* What to do
Please restate word for word, and with nothing added, the lines that run from the one holding "Deflecto RollaMat for" to the end of the entries below.

* Data shown
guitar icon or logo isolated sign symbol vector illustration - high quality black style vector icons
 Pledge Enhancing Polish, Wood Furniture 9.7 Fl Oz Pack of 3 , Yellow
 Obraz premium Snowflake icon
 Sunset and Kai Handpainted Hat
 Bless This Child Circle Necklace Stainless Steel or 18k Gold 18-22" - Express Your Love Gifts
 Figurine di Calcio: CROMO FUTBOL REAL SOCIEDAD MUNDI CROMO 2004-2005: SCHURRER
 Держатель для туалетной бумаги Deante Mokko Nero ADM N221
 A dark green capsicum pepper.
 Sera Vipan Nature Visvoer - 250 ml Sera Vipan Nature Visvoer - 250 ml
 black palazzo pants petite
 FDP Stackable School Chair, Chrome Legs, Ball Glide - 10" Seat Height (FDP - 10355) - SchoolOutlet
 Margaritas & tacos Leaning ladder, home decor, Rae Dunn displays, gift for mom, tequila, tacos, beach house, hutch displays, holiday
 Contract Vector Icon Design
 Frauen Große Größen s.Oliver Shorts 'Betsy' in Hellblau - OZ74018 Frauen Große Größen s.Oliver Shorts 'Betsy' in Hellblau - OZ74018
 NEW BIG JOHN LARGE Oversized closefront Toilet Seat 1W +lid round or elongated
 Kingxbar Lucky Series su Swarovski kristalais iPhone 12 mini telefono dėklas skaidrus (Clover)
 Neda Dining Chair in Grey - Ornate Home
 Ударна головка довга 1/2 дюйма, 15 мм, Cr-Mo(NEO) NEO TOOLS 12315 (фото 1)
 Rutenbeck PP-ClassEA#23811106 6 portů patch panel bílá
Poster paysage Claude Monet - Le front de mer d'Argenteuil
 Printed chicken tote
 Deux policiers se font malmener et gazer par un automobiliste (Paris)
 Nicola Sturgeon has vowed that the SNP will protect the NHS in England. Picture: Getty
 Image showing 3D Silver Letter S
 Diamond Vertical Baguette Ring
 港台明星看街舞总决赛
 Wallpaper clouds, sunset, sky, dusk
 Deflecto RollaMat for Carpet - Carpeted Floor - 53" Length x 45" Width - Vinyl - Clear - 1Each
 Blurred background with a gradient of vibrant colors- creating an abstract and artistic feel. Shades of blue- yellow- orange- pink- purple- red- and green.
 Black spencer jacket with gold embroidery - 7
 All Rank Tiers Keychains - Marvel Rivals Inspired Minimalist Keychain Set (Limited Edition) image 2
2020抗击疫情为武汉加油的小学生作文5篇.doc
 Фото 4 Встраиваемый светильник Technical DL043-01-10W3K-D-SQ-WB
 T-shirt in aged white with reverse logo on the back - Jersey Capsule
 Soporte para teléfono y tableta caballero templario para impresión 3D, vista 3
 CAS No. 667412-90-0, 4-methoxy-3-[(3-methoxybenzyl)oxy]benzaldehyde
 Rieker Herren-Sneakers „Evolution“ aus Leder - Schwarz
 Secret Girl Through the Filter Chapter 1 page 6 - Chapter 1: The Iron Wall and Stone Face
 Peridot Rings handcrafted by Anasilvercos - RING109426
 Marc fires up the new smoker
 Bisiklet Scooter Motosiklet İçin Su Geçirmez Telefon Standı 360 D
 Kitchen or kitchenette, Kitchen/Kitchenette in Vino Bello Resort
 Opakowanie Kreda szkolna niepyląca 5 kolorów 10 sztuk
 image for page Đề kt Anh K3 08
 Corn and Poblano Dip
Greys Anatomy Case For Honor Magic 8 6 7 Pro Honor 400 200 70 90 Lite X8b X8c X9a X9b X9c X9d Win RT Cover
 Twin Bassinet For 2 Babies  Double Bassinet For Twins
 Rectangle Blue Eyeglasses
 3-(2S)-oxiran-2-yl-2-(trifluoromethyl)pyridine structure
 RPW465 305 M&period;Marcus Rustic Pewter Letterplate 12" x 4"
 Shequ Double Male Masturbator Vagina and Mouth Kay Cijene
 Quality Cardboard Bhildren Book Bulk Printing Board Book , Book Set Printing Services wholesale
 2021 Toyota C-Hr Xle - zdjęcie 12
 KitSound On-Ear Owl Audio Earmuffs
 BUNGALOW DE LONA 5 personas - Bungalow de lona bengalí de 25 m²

* Worked solution
 Deflecto RollaMat for Carpet - Carpeted Floor - 53" Length x 45" Width - Vinyl - Clear - 1Each
 Blurred background with a gradient of vibrant colors- creating an abstract and artistic feel. Shades of blue- yellow- orange- pink- purple- red- and green.
 Black spencer jacket with gold embroidery - 7
 All Rank Tiers Keychains - Marvel Rivals Inspired Minimalist Keychain Set (Limited Edition) image 2
2020抗击疫情为武汉加油的小学生作文5篇.doc
 Фото 4 Встраиваемый светильник Technical DL043-01-10W3K-D-SQ-WB
 T-shirt in aged white with reverse logo on the back - Jersey Capsule
 Soporte para teléfono y tableta caballero templario para impresión 3D, vista 3
 CAS No. 667412-90-0, 4-methoxy-3-[(3-methoxybenzyl)oxy]benzaldehyde
 Rieker Herren-Sneakers „Evolution“ aus Leder - Schwarz
 Secret Girl Through the Filter Chapter 1 page 6 - Chapter 1: The Iron Wall and Stone Face
 Peridot Rings handcrafted by Anasilvercos - RING109426
 Marc fires up the new smoker
 Bisiklet Scooter Motosiklet İçin Su Geçirmez Telefon Standı 360 D
 Kitchen or kitchenette, Kitchen/Kitchenette in Vino Bello Resort
 Opakowanie Kreda szkolna niepyląca 5 kolorów 10 sztuk
 image for page Đề kt Anh K3 08
 Corn and Poblano Dip
Greys Anatomy Case For Honor Magic 8 6 7 Pro Honor 400 200 70 90 Lite X8b X8c X9a X9b X9c X9d Win RT Cover
 Twin Bassinet For 2 Babies  Double Bassinet For Twins
 Rectangle Blue Eyeglasses
 3-(2S)-oxiran-2-yl-2-(trifluoromethyl)pyridine structure
 RPW465 305 M&period;Marcus Rustic Pewter Letterplate 12" x 4"
 Shequ Double Male Masturbator Vagina and Mouth Kay Cijene
 Quality Cardboard Bhildren Book Bulk Printing Board Book , Book Set Printing Services wholesale
 2021 Toyota C-Hr Xle - zdjęcie 12
 KitSound On-Ear Owl Audio Earmuffs
 BUNGALOW DE LONA 5 personas - Bungalow de lona bengalí de 25 m²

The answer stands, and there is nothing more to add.